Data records
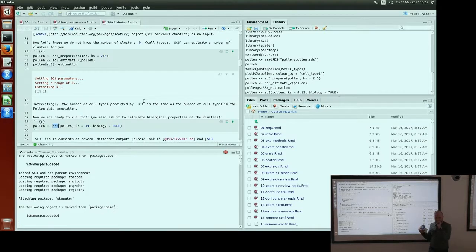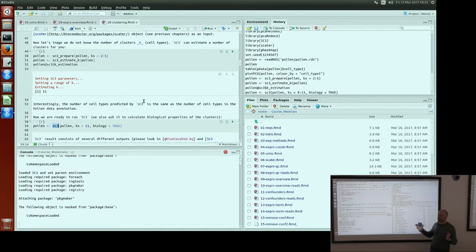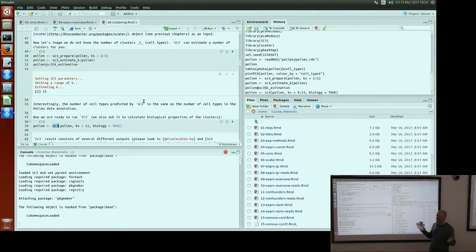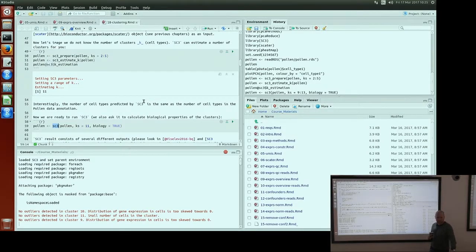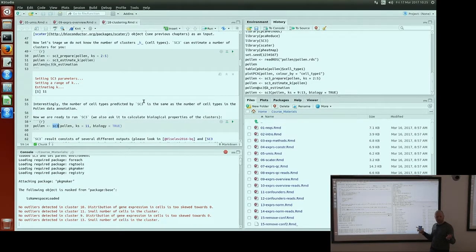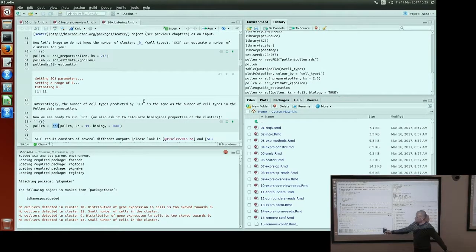The question is: can we rely on this estimated k parameter? I would say, in the beginning, if you don't know anything about your dataset, it's good to run this and then explore different k values around this value. It's usually close to the truth, but sometimes it's wrong. SC3 is still running because we asked for k from 9 to 13 — it runs clustering five times and also calculates the biological results, which takes quite a lot of time.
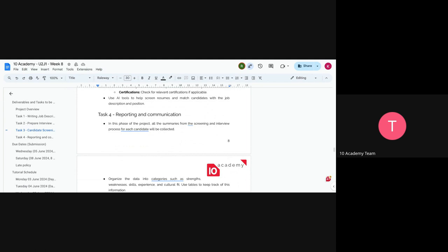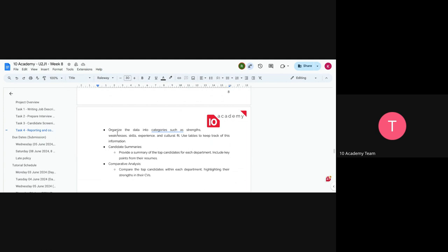The last task is reporting and communication. You'll summarize the screening and interview process for each candidate, organizing data into categories like strengths, weaknesses, skills, experience, and cultural fit, using a table to keep track of information and provide a summary for each.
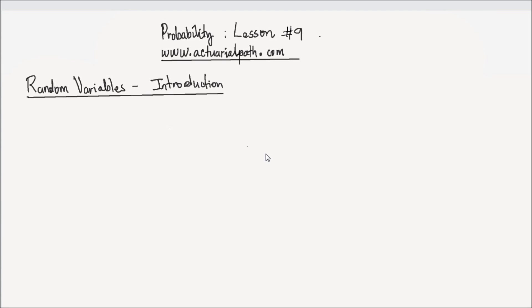Hi, this is lesson number 9 on probability from actuarialpath.com. In this lesson, we study random variables. Let me start with an example.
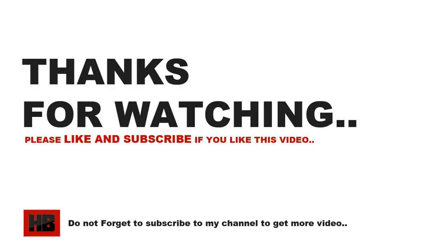Thanks for watching. Please like, please share, and subscribe to my YouTube channel. See you in the next video.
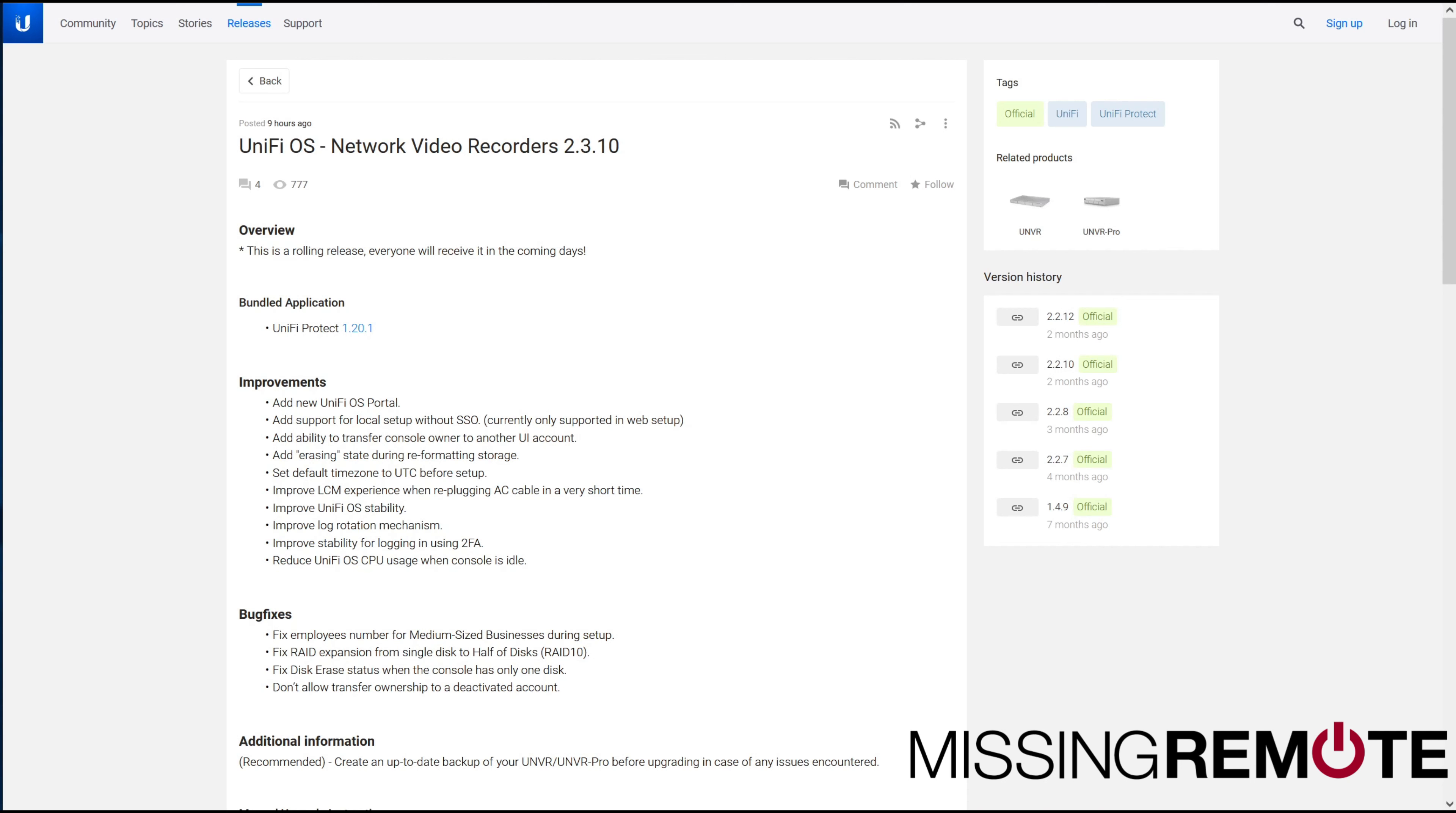If you have one of their NVRs, it's probably a good idea to go ahead and update it. There are quite a few improvements and some bug fixes.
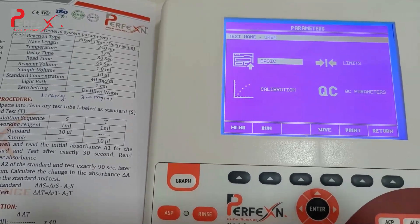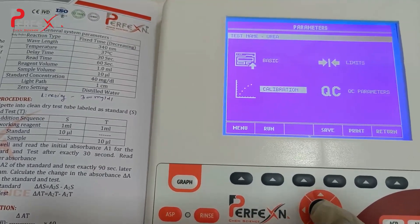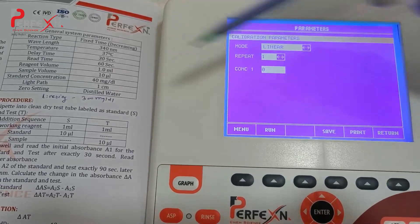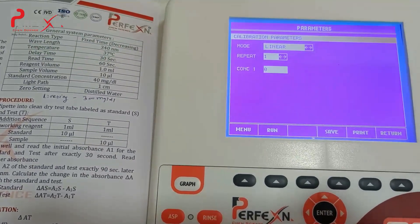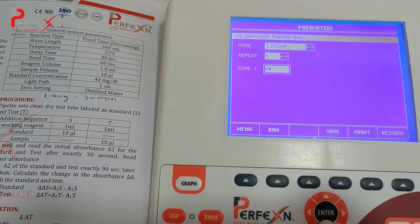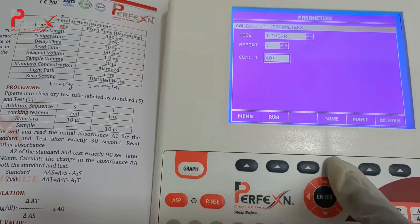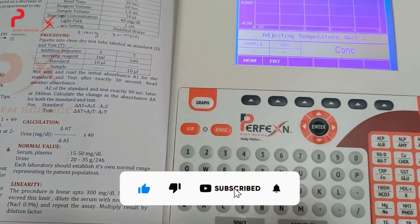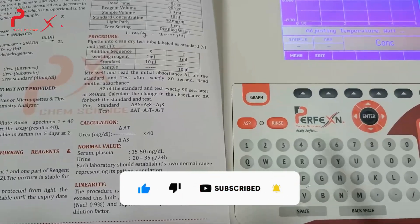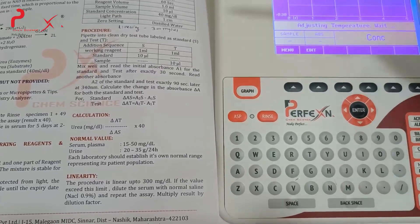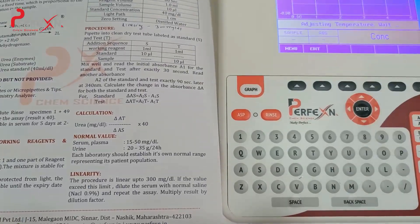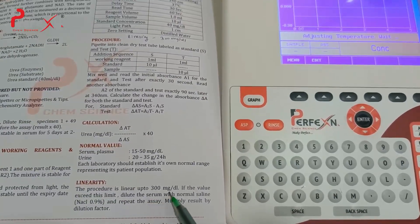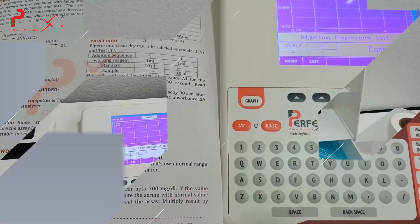Go for the calibration. Go ahead to enter the value of the urea. Here the standard value concentration is 40 mg, so enter the concentration of 40 mg. Save it and run for the test. We are performing the test of urea by the GLDH method as mentioned on the literature. The manufacturer has given the linearity range as 300 mg per dl.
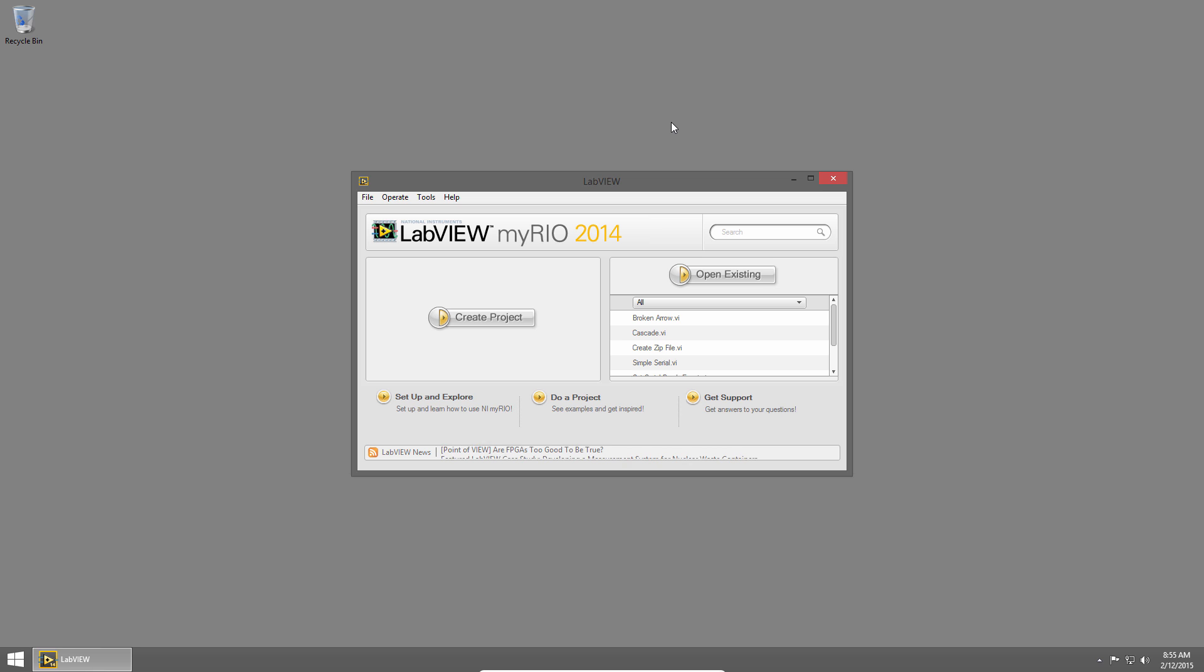Welcome back to LabVIEW Basics. I'm Sam Christoff from LabVIEW Maker Hub, and in this section we're going to talk about debugging.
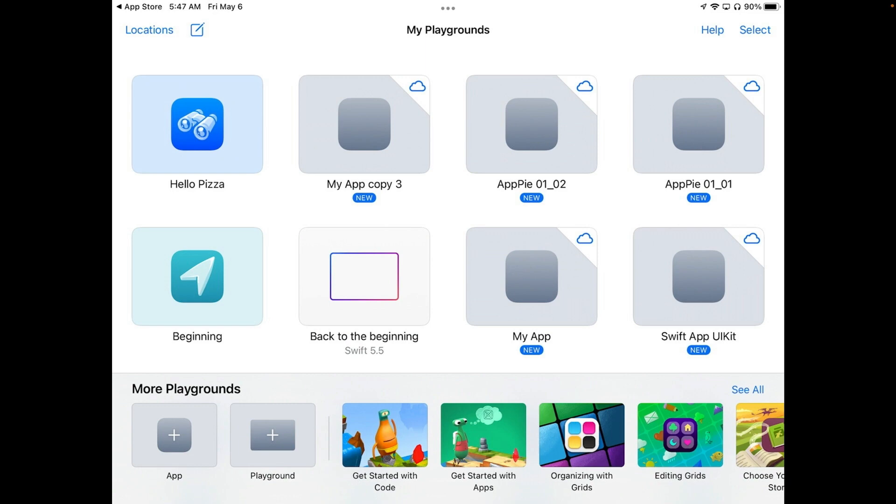And you'll notice those little clouds on these icons. Those are ones that are being stored in iCloud. The ones without the clouds are the ones that you have available to you right now. Now let's go back into Hello Pizza.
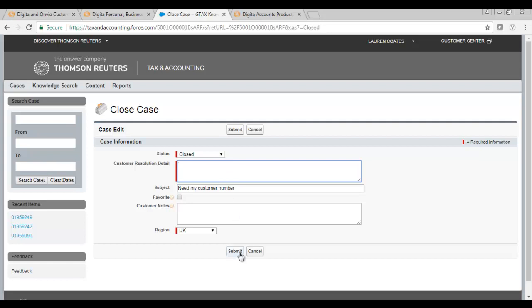When a case has been closed, it will be removed from your open ticket list.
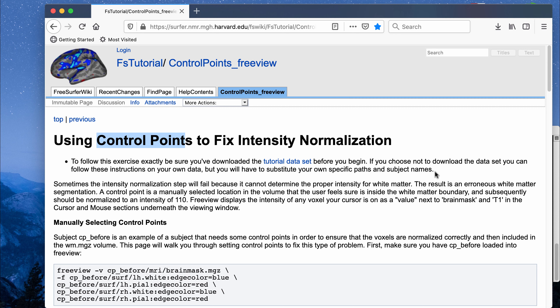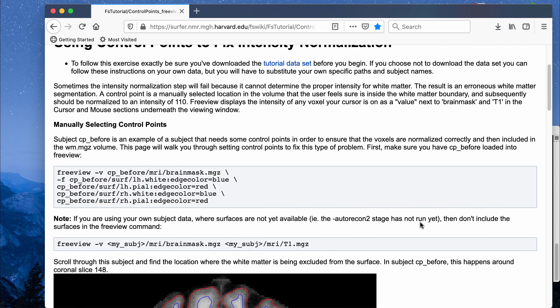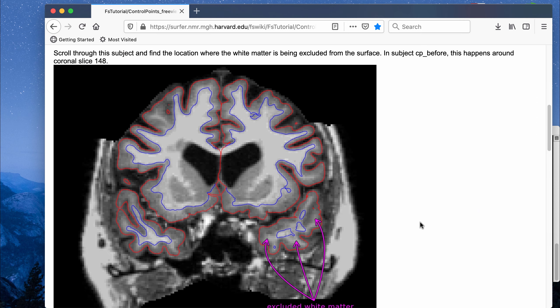In this video I wanted to do another FreeSurfer video. I wanted to do this tutorial on control point editing, which is one of the manual steps in the process of analyzing FreeSurfer output.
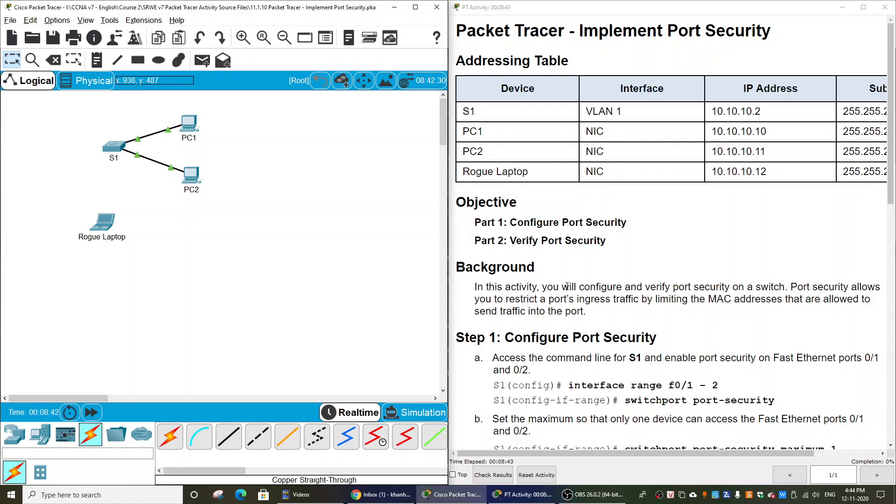Hi, in this packet tracer activity, we will implement port security.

To do:
Your answer must be the lines above from the one holding "If you have" up to and including the one holding "And you'll notice", exact and with no pictures.

Exercise solution:
If you have one of their NVRs, it's probably a good idea to go ahead and update it. There are quite a few improvements and some bug fixes.
Go for the calibration. Go ahead to enter the value of the urea. Here the standard value concentration is 40 mg, so enter the concentration of 40 mg. Save it and run for the test. We are performing the test of urea by the GLDH method as mentioned on the literature. The manufacturer has given the linearity range as 300 mg per dl.
Welcome back to LabVIEW Basics. I'm Sam Christoff from LabVIEW Maker Hub, and in this section we're going to talk about debugging.
And you'll notice those little clouds on these icons. Those are ones that are being stored in iCloud. The ones without the clouds are the ones that you have available to you right now. Now let's go back into Hello Pizza.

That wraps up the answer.